- **Task brief**: Among the lines below, the one containing "KETER Set 4" opens the range and the one containing "od 24.03.2026. godine" closes it. Print that range exactly, without the pictures.

- **Entries provided**:
= Beginning of Section =
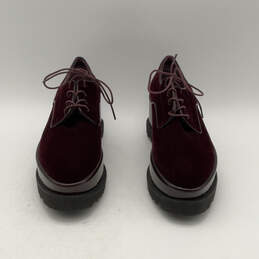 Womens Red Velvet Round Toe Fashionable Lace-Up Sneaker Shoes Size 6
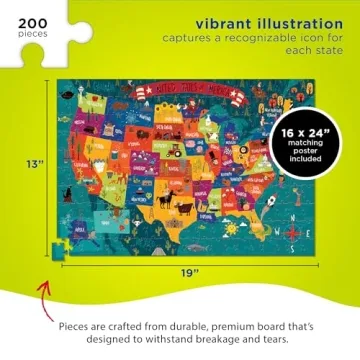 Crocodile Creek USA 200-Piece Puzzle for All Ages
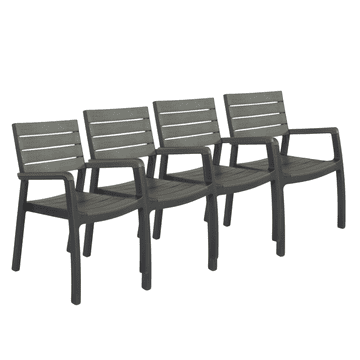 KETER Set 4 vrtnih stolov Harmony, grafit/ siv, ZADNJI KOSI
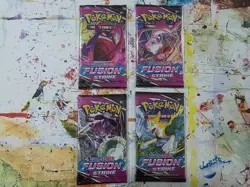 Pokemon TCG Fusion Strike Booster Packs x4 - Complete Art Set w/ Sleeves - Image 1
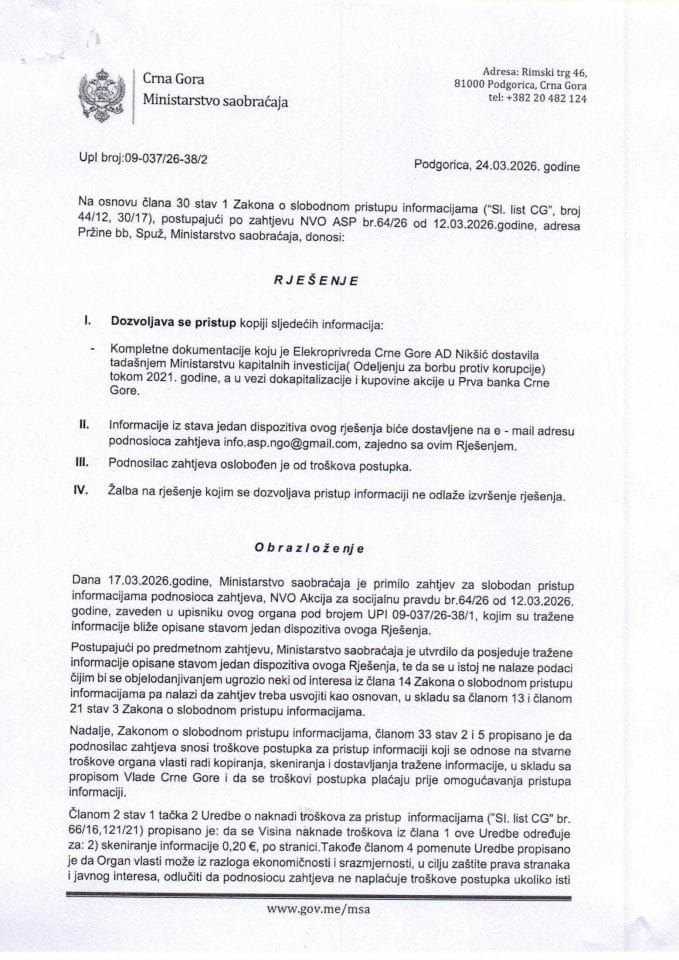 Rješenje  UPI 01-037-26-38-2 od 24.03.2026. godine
= End of Section =
= Beginning of Section =
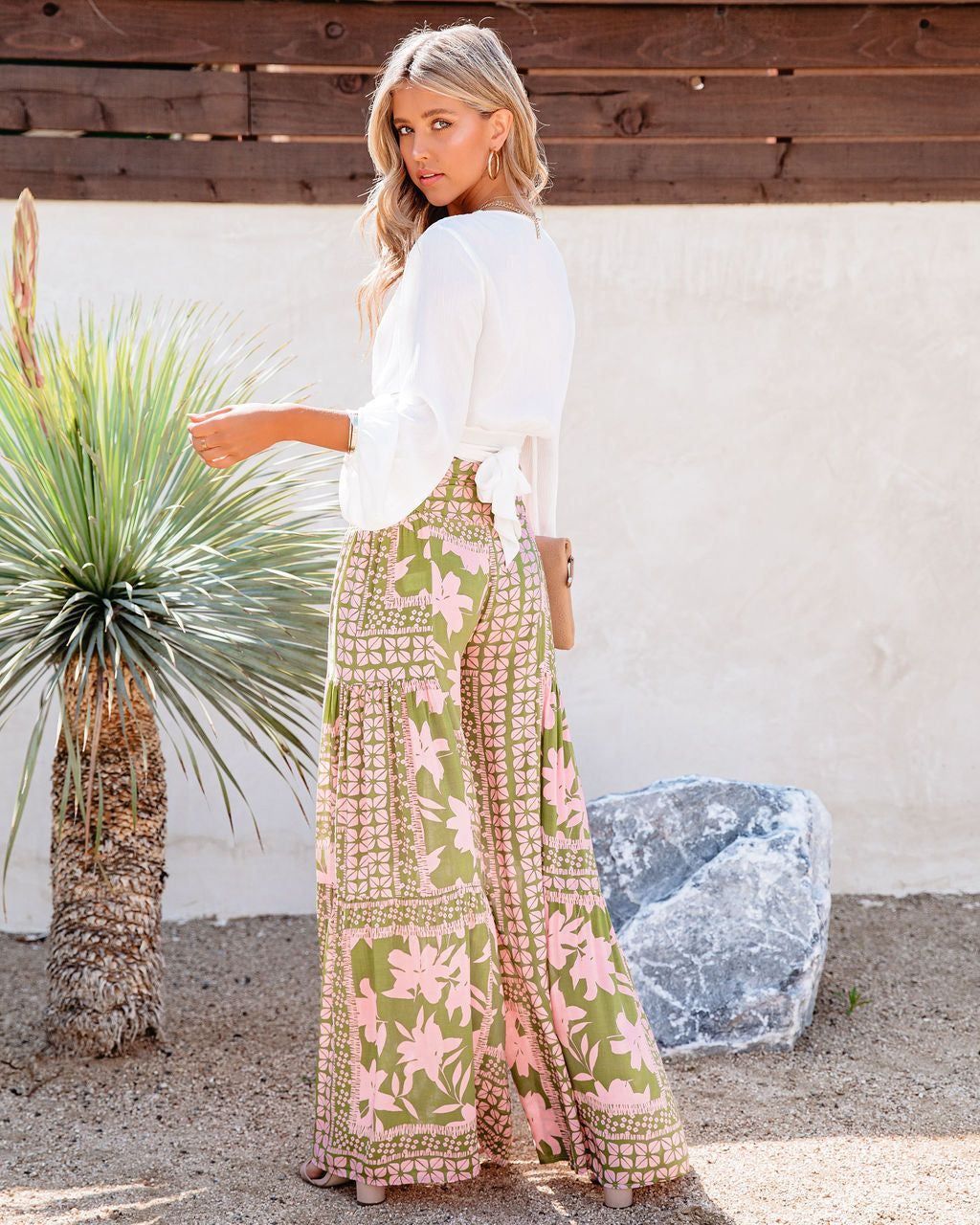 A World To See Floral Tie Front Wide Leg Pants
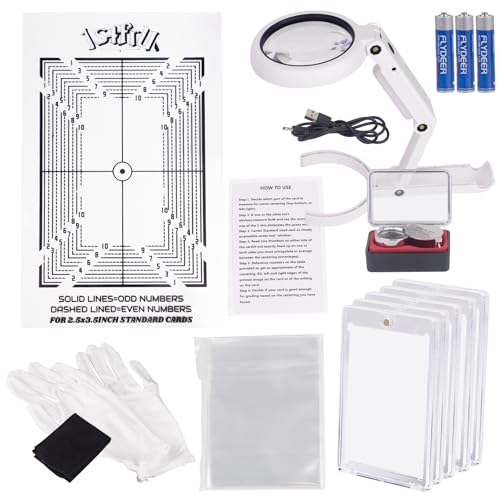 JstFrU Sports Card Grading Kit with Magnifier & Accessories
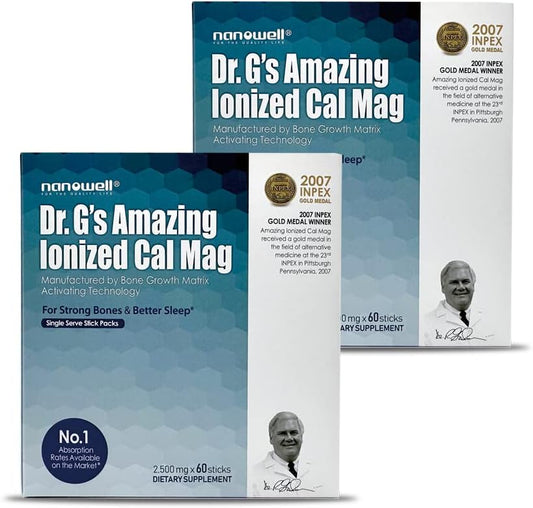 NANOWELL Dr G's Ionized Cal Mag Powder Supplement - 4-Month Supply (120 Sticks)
= End of Section =
= Beginning of Section =
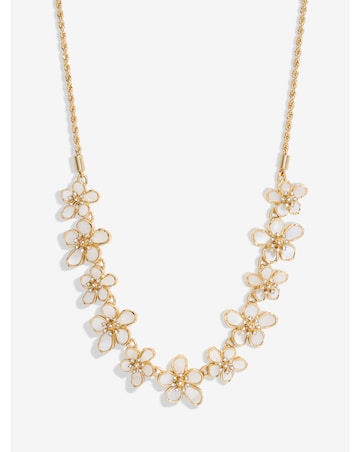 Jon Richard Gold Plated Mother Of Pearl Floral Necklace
= End of Section =
- **Solution to this task**:
 KETER Set 4 vrtnih stolov Harmony, grafit/ siv, ZADNJI KOSI
 Pokemon TCG Fusion Strike Booster Packs x4 - Complete Art Set w/ Sleeves - Image 1
 Rješenje  UPI 01-037-26-38-2 od 24.03.2026. godine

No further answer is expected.